After two months of subdued inflation readings, progress could be tough to find in the next Consumer Price Index report, published on Tuesday morning.

Financial analysts expect the annual inflation rate ticked up to 2.9 per cent in March from 2.8 per cent in February, partly owing to an increase in gasoline prices. According to data from Kalibrate Technologies, the national average price of regular unleaded gas was nearly 6 per cent higher at the end of March, compared with the end of February. Gas prices have continued to rise in April.

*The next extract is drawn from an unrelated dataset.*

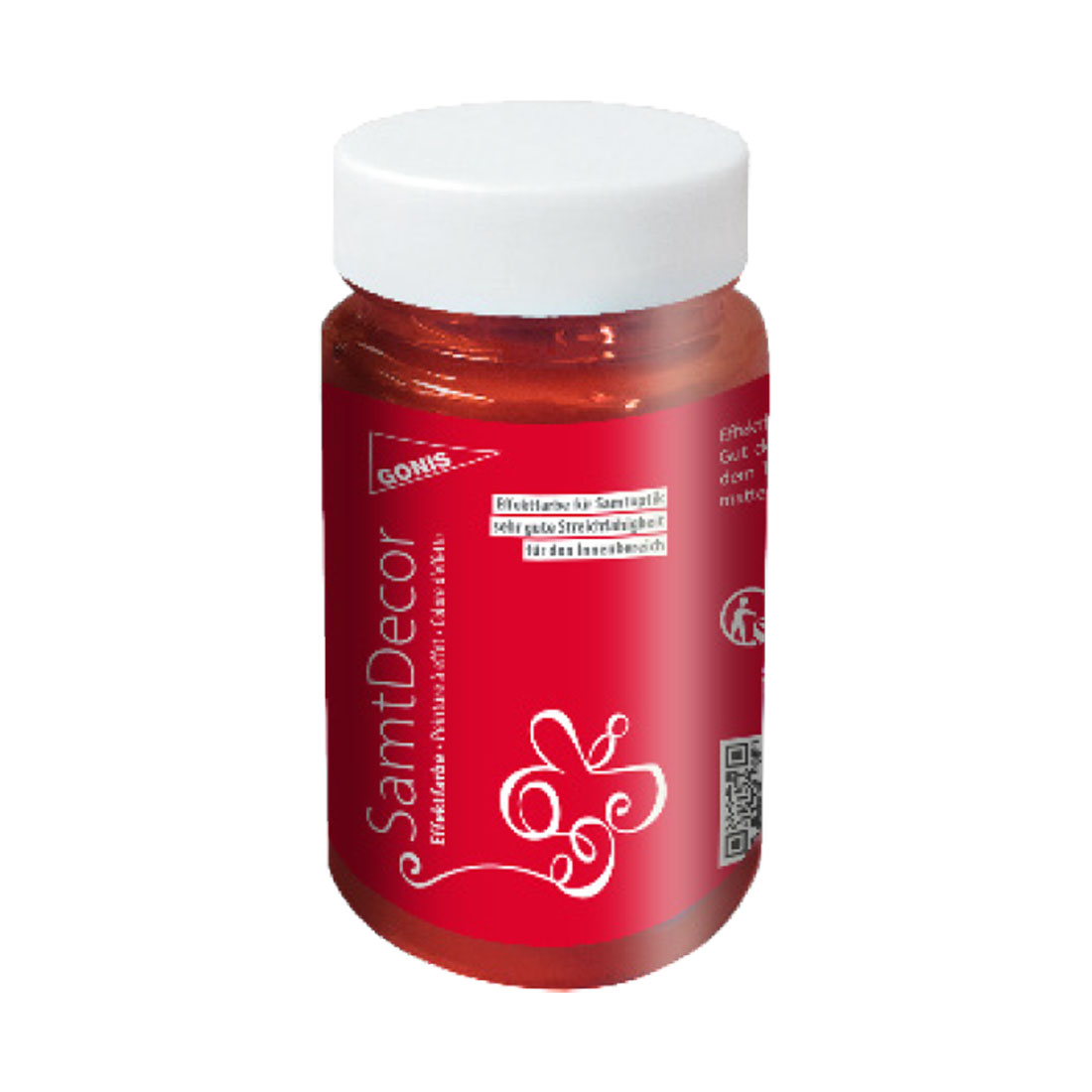 SamtDecor Zinnoberrot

The CPI report is the first of two before the Bank of Canada’s next interest rate decision in June. It could prove highly influential in whether the central bank opts to lower its policy rate from 5 per cent. As of now, traders see it as roughly a 50-50 chance that rates are lowered, but those expectations should shift as new data come in.

At last week’s decision, where rates were held steady, Bank of Canada Governor Tiff Macklem said he was encouraged by recent progress to tame inflation, but that he needs to see it for longer. He did, however, say a June rate cut was a possibility.

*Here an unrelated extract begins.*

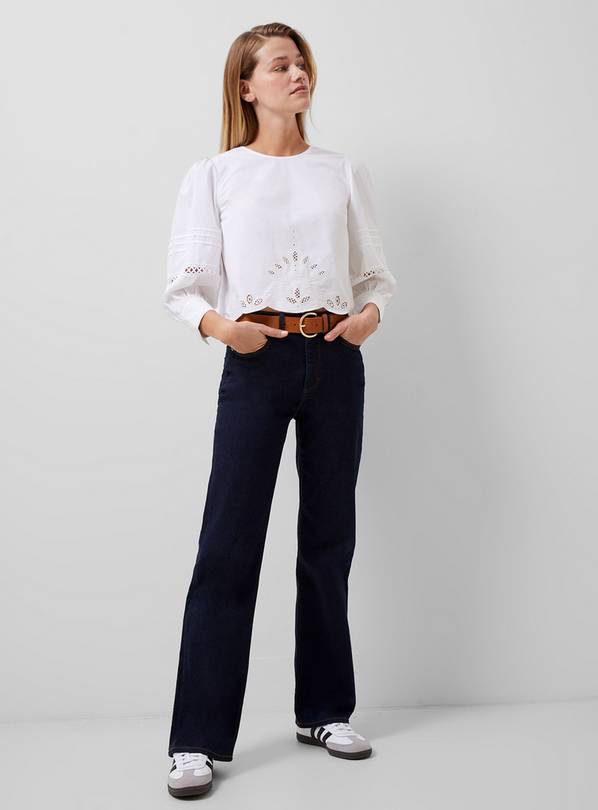  FRENCH CONNECTION Alissa Cotton Broiderie Top L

“We don’t want to leave monetary policy this restrictive longer than we need to,” he said. “But if we lower our policy interest rate too early or cut too fast, we could jeopardize the progress we’ve made bringing inflation down.”

In January and February, inflation numbers came in lower than expected. The Bank of Canada now expects annual CPI growth to average 2.8 per cent in the first quarter, down from a previous estimate of 3.2 per cent.

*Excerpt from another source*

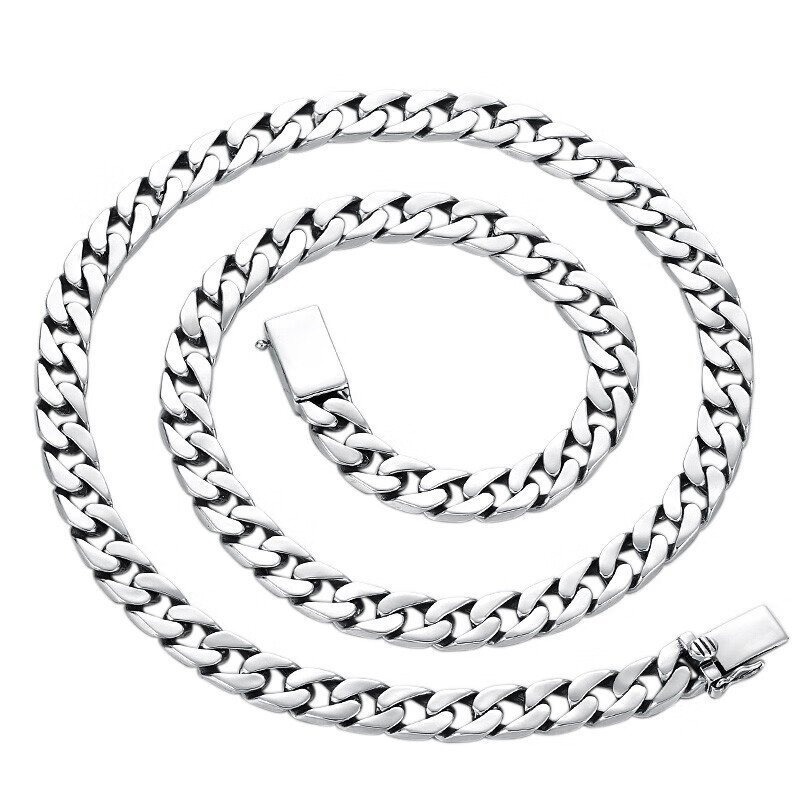 Cuban chain design trendy personality necklace - Image 5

The central bank expects inflation to linger around 3 per cent over the first half of the year, in part because of rising gas prices. The bank has said that geopolitical tensions in the Middle East and Ukraine could affect commodity prices, amounting to an upside risk for the inflation outlook.

The Bank of Canada expects inflation to ease below 2.5 per cent in the second half of the year, then return to its 2-per-cent target in 2025.

“Inflation may have heated up slightly in March, but that is unlikely to offset all of the better-than-expected progress seen in the first two months of the year,” Andrew Grantham, senior economist at CIBC Capital Markets, said in a research note.